Let me first say that the Internet Archive is one of the most important, impressive crowning achievements we have for preserving and understanding what is truly a transient information space. And I rely regularly on the WayBack Machine to research, discover, and fall into interesting rabbit holes.
And let me add, that I am most likely not understanding enough here, but I am rather worried about what I have discovered about what you can find in the archive for sites you contributed to in the past do not manage in the present.
Apparently it hinges totally on access to text file sitting on the current domain.
As alluded to recently, it makes for a fragile archive.
Allow me to play this back.
- I was responsible for maybe 10 Gb of early web stuff in my position from 1992-2006 as an instructional technologist for the Maricopa Center for Learning & Instruction (MCLI) at the Maricopa Community Colleges. I am not 100% sure, but the MCLI web site might have been up before Maricopa had one. I wrote a very early HTML tutorial that was my first “break” in online space (archived myself at http://mcli.cogdogblog.com/tut). Active in the mid 1990s in multimedia, I built Director Web, the leading resource for Macromedia Director, before Macromedia as a company had a web site.
This all existed at the long unwieldily URL
- The site continued after I left in 2006; in early January 2009 the center changed and moved it’s site to
http://mcli.maricopa.edu(how do I know this? Why because of the Wayback machine)
- All my old stuff was gone; I understand because a lot of it was built on perl scripts doing things like writing information to open text files. It was a mess. But the re-assuring thing was that all my old stuff was findable with the Wayback machine. The folks at Maricopa did set up a forwarding DNS entry so all traffic from the old domain
http://www.mcli.dist.maricopa.edu/at least ended up at 404 message on the new one.

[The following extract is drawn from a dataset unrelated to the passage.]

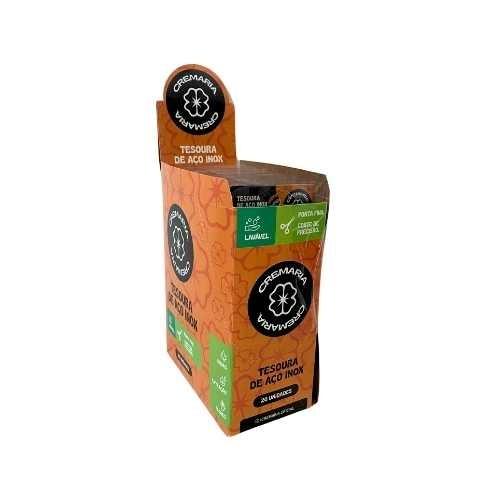 TESOURA CREMARIA DE AÇO INOX - REF. TESO01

- That was until last week, when I found links that previously worked to archives of the old site ended up with this:
“Page Cannot be displayed due to robots.txt” If you do not know of robots.txt, learn about it now. It’s a plain text file where web site owners can tell web crawling robots (the things that make search engines work) to either come inside, or to stay away. It’s a way for owners to not have their site indexed if (a) they prefer not to be or (b) to reduce repeated traffic on their servers.
But this is not an issue with the robots.txt file at Maricopa. The problem is robots.txt cannot be found, because the DNS entry for the old URL is broken,
http://www.mcli.dist.maricopa.edu/will not connect to anything, and so
http://www.mcli.dist.maricopa.edu/robots.txtis never found.
- I emailed the internet archive and did get a confirmation that if the Wayback Machine cannot find a robots.txt file, it removes the archive.
Or, unless the current domain for an archive says “Internet Archive, please archive me” it won’t. The default is not to archive.
If this is true, than many old sites must be disappearing or never added to the Internet Archive because there is no active robots.txt file at the current (cue domain squatters, or in my case, a IT department’s good in a DNS entry).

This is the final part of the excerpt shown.